[Records excerpted from a collection]
--------------------

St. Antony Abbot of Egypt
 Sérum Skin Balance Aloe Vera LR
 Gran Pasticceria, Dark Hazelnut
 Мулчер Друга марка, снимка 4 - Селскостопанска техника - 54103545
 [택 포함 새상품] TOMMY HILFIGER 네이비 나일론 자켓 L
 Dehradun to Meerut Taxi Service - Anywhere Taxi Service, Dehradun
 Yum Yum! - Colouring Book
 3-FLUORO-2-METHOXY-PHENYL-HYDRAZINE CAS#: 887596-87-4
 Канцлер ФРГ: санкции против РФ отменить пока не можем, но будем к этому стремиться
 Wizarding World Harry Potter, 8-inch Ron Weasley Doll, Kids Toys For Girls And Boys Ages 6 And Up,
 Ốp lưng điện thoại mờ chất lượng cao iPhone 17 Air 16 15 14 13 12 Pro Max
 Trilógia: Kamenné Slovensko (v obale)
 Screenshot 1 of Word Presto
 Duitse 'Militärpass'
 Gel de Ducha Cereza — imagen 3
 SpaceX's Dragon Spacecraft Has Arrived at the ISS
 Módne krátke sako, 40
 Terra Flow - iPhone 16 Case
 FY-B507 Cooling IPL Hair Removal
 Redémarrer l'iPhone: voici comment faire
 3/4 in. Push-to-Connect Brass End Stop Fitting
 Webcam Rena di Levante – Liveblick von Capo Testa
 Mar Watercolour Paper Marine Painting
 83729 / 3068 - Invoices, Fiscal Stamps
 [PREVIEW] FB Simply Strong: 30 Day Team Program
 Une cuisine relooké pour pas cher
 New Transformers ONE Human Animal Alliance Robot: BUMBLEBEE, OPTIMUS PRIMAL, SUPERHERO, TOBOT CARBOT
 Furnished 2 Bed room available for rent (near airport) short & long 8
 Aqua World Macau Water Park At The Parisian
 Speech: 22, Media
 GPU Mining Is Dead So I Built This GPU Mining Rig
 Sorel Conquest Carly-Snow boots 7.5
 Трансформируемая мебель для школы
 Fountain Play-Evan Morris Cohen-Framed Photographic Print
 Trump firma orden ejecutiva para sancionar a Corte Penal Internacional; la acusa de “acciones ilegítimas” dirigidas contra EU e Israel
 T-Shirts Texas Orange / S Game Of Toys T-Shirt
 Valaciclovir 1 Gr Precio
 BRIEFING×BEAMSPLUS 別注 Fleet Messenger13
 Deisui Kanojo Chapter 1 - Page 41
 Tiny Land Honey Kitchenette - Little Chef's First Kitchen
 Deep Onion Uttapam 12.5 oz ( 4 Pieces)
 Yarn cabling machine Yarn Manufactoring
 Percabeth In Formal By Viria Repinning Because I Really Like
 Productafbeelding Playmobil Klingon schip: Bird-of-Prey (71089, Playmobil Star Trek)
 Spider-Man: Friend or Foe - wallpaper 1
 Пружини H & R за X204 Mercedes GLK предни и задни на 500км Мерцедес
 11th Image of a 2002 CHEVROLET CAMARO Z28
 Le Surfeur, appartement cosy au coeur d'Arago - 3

--------------------

Print, without alteration, only the lines above between the one holding "Une cuisine relooké pour pas cher" and the one holding "Fountain Play-Evan Morris", inclusive.

 Une cuisine relooké pour pas cher
 New Transformers ONE Human Animal Alliance Robot: BUMBLEBEE, OPTIMUS PRIMAL, SUPERHERO, TOBOT CARBOT
 Furnished 2 Bed room available for rent (near airport) short & long 8
 Aqua World Macau Water Park At The Parisian
 Speech: 22, Media
 GPU Mining Is Dead So I Built This GPU Mining Rig
 Sorel Conquest Carly-Snow boots 7.5
 Трансформируемая мебель для школы
 Fountain Play-Evan Morris Cohen-Framed Photographic Print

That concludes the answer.